(Input data)

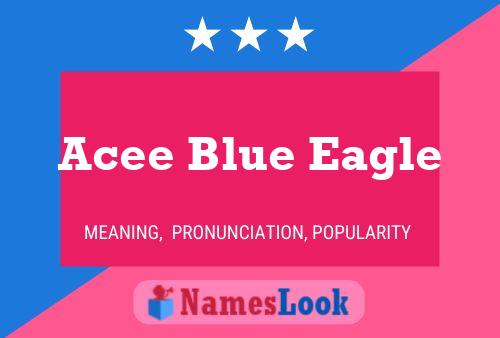 Acee Blue Eagle Name Poster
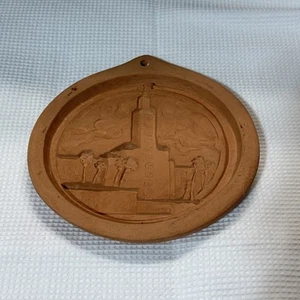 RARE 1992 Los Angeles Temple Terracotta Cookie Mold by Cotton Press Mormon LDS - Picture 1 of 6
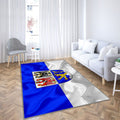 Drapeau de la ville d'Erlangengerman Erlangen Tapis Sol - Tapis De Salon, Allemagne Symboles Tapis Art, Tapis pour la décoration de la maison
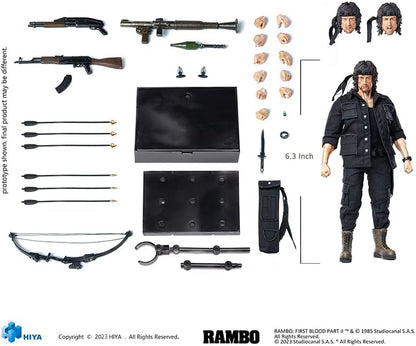 Hiya Toys Rambo: First Blood Part II – Rambo Exquisite Super Series 1:12 Scale PX Action Figure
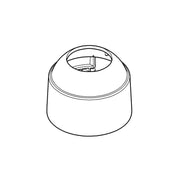 Grohe Supersteel cap with circular opening and internal connector mechanism shown in technical line drawing.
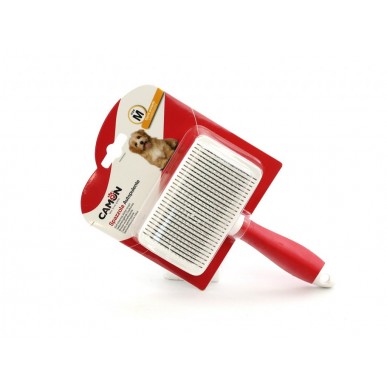  CAMON - מסרק להברשה לפרווה ארוכה/כפולה עם לחצן לניקוי עצמי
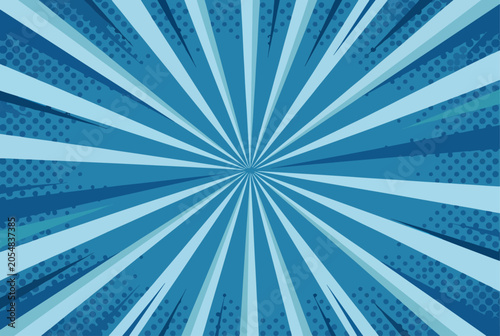 Dynamic radial explosion effect designed for creative branding projects
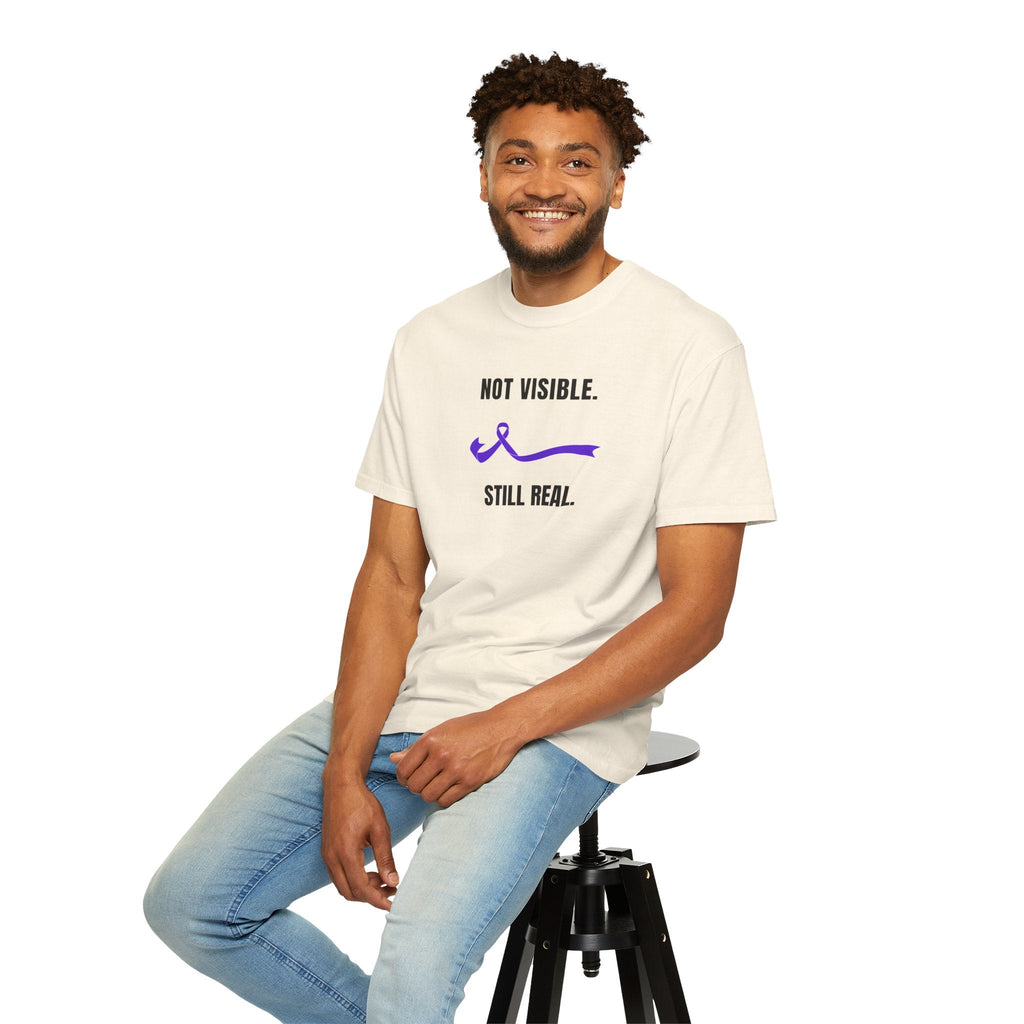 Not Visible. Still Real. T-Shirt – Epilepsy Awareness Apparel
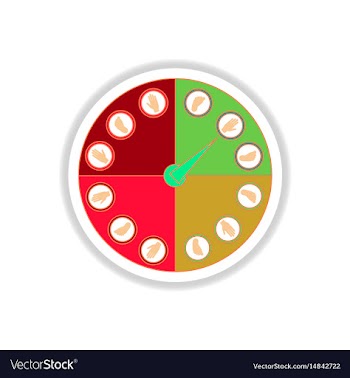 In paper sticker style twister vector image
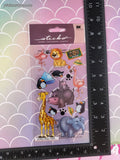 Stickopotamus Zoo Pass Animals Stickers, 1 Sheet New & Sealed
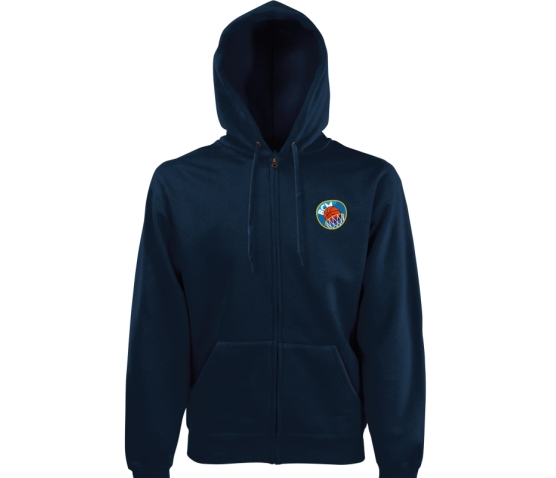 Sweat-Shirt Zippé - Enfants - BCM Matour - Bleu marine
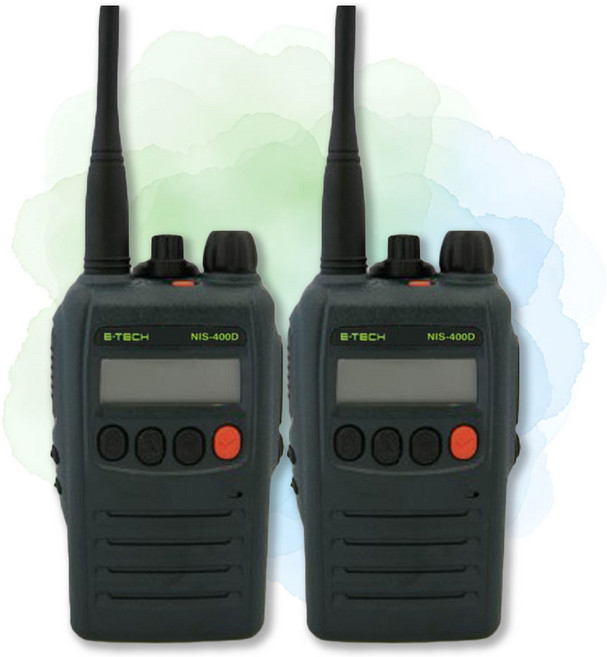 이테크 NIS-400D NIS400D 고성능 고출력 업무용 디지털 무전기, 2세트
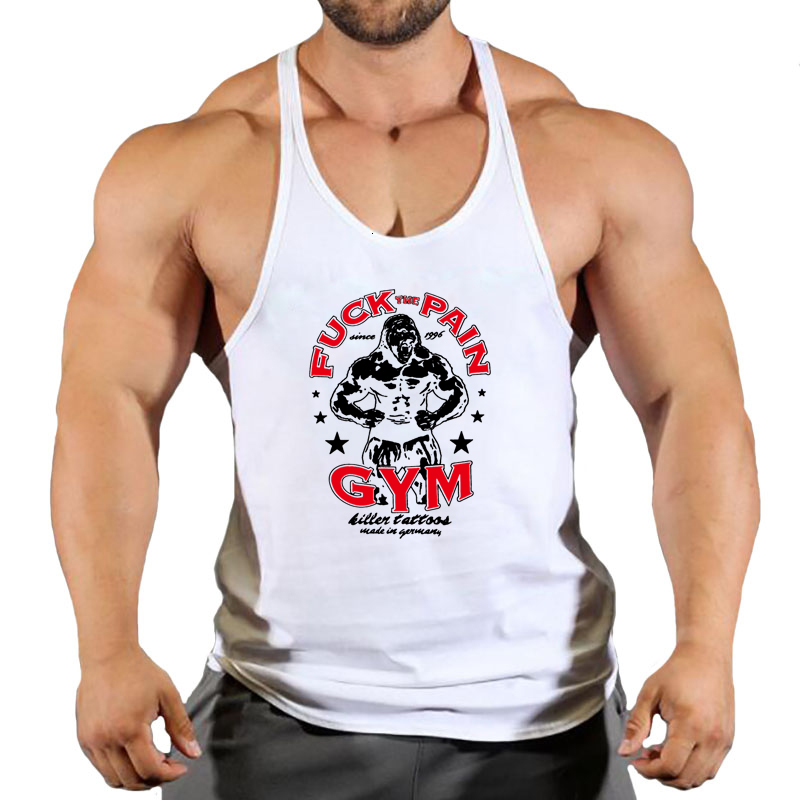 Men's Tank Tops Gyms Workout Sleeveless Shirt Stringer Top Men Bodybuilding Clothing Fitness Mens Sportwear Vests Muscle Singlets Cotton 230506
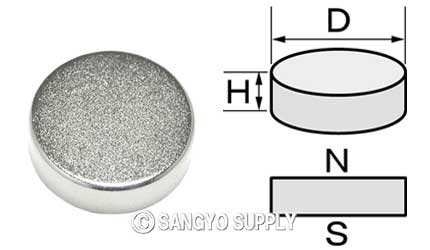 ネオジウム磁石φ15×5
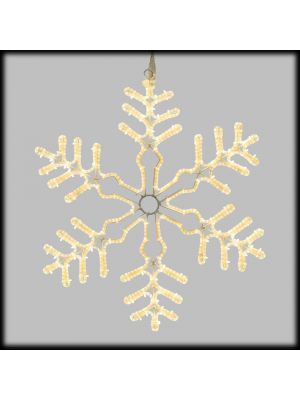 Fiocco di neve in tubo luminoso 60 cm, 840 led flashled, bianco caldo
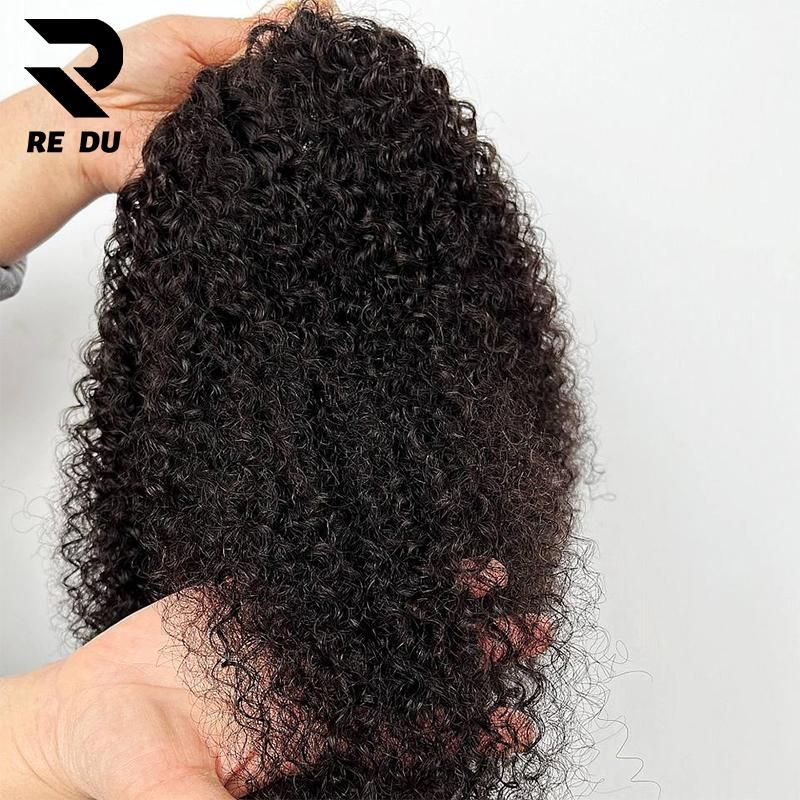 Mink Cuticle Aligned Full Customize HD Frontal Wig - Afro Kinky Curly Wig for Black Women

(End Input data)

Output every entry above verbatim, but leave out the pictures.

Output below:
 Acee Blue Eagle Name Poster
 RARE 1992 Los Angeles Temple Terracotta Cookie Mold by Cotton Press Mormon LDS - Picture 1 of 6
 Drapeau de la ville d'Erlangengerman Erlangen Tapis Sol - Tapis De Salon, Allemagne Symboles Tapis Art, Tapis pour la décoration de la maison
 Hiya Toys Rambo: First Blood Part II – Rambo Exquisite Super Series 1:12 Scale PX Action Figure
 Grohe Supersteel cap with circular opening and internal connector mechanism shown in technical line drawing.
  CAMON - מסרק להברשה לפרווה ארוכה/כפולה עם לחצן לניקוי עצמי
 Dynamic radial explosion effect designed for creative branding projects
 Not Visible. Still Real. T-Shirt – Epilepsy Awareness Apparel
 In paper sticker style twister vector image
 Stickopotamus Zoo Pass Animals Stickers, 1 Sheet New & Sealed
 Sweat-Shirt Zippé - Enfants - BCM Matour - Bleu marine
 이테크 NIS-400D NIS400D 고성능 고출력 업무용 디지털 무전기, 2세트
 Men's Tank Tops Gyms Workout Sleeveless Shirt Stringer Top Men Bodybuilding Clothing Fitness Mens Sportwear Vests Muscle Singlets Cotton 230506
 ネオジウム磁石φ15×5
 Fiocco di neve in tubo luminoso 60 cm, 840 led flashled, bianco caldo
 Mink Cuticle Aligned Full Customize HD Frontal Wig - Afro Kinky Curly Wig for Black Women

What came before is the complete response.